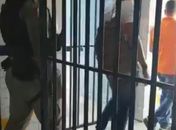 Professor foi conduzido para a delegacia para prestar esclarecimentos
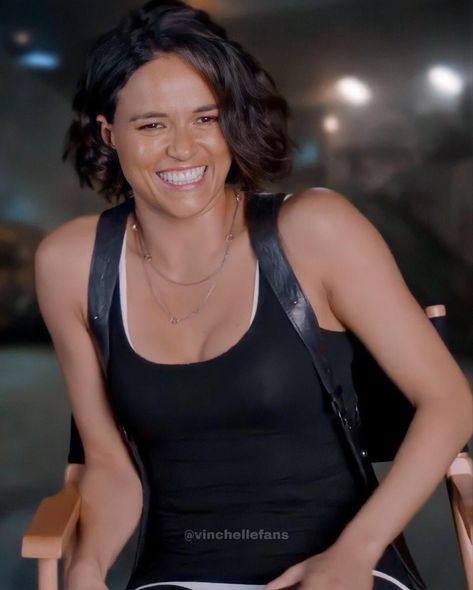 Michelle Rodriguez Aesthetic, Michele Rodriguez, Letty Ortiz, Fast And Furious Letty, Dom And Letty, Michael Rodriguez, Dominic Toretto, Latina Outfits, Wavy Bob Hairstyles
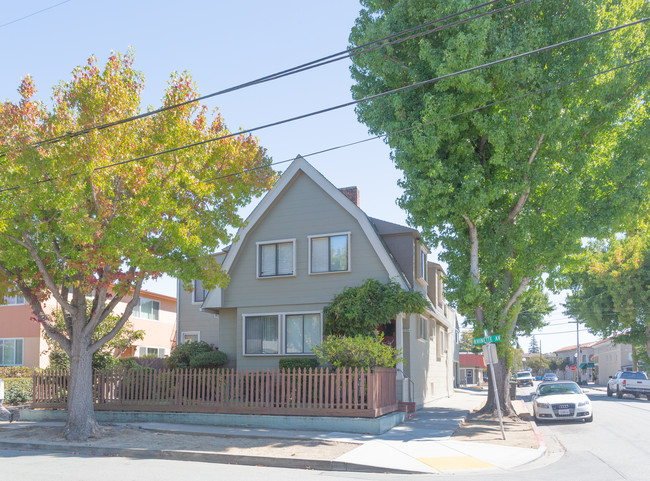 1135 Rhinette Ave in Burlingame, CA - Building Photo - Building Photo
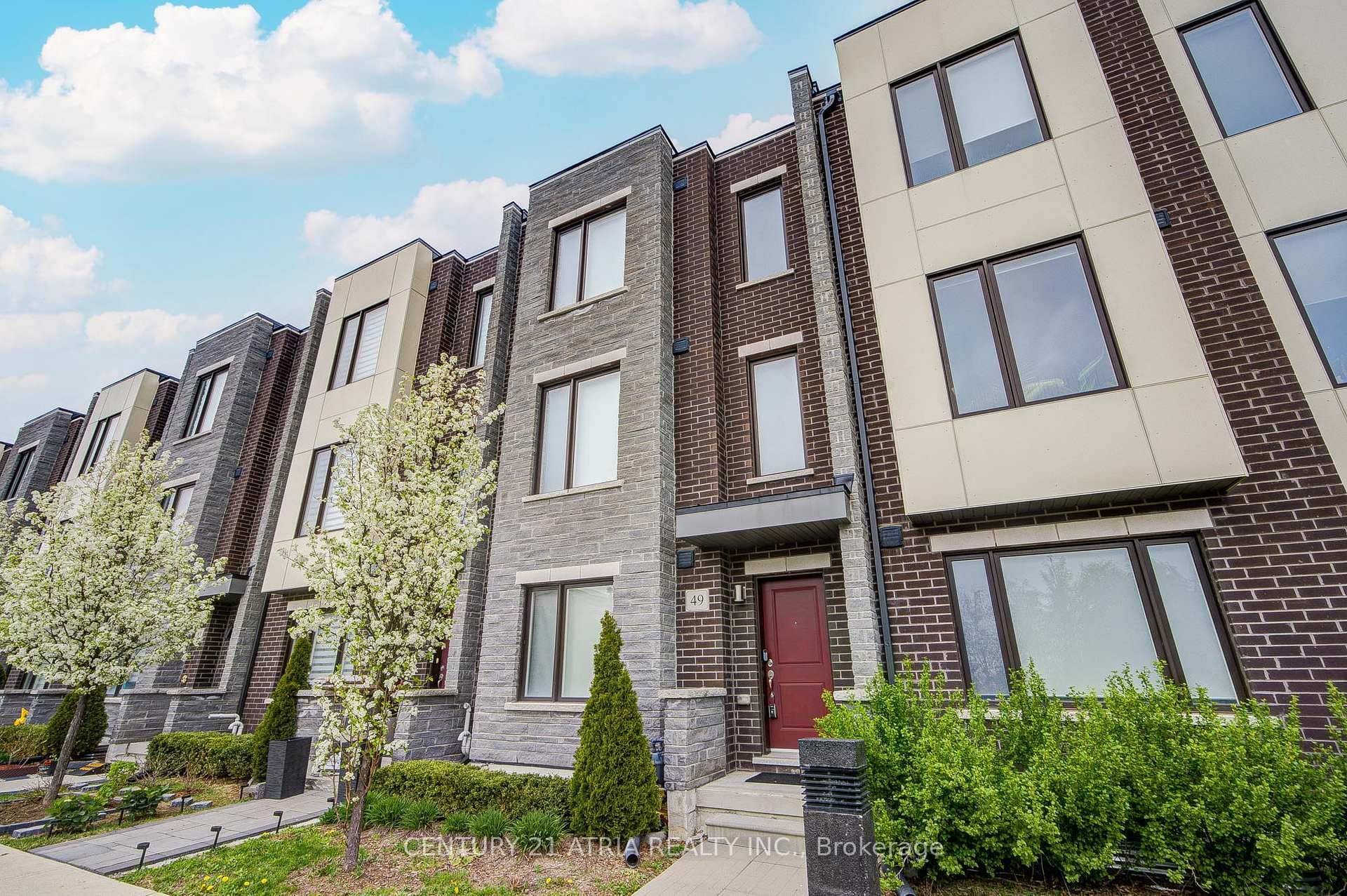 49 Cohen Way, Vaughan, ON L6A 5B4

■ What you are asked to do
Without any pictures, repeat the listing exactly.

■ Output of the task
 Professor foi conduzido para a delegacia para prestar esclarecimentos
 Michelle Rodriguez Aesthetic, Michele Rodriguez, Letty Ortiz, Fast And Furious Letty, Dom And Letty, Michael Rodriguez, Dominic Toretto, Latina Outfits, Wavy Bob Hairstyles
 1135 Rhinette Ave in Burlingame, CA - Building Photo - Building Photo
 49 Cohen Way, Vaughan, ON L6A 5B4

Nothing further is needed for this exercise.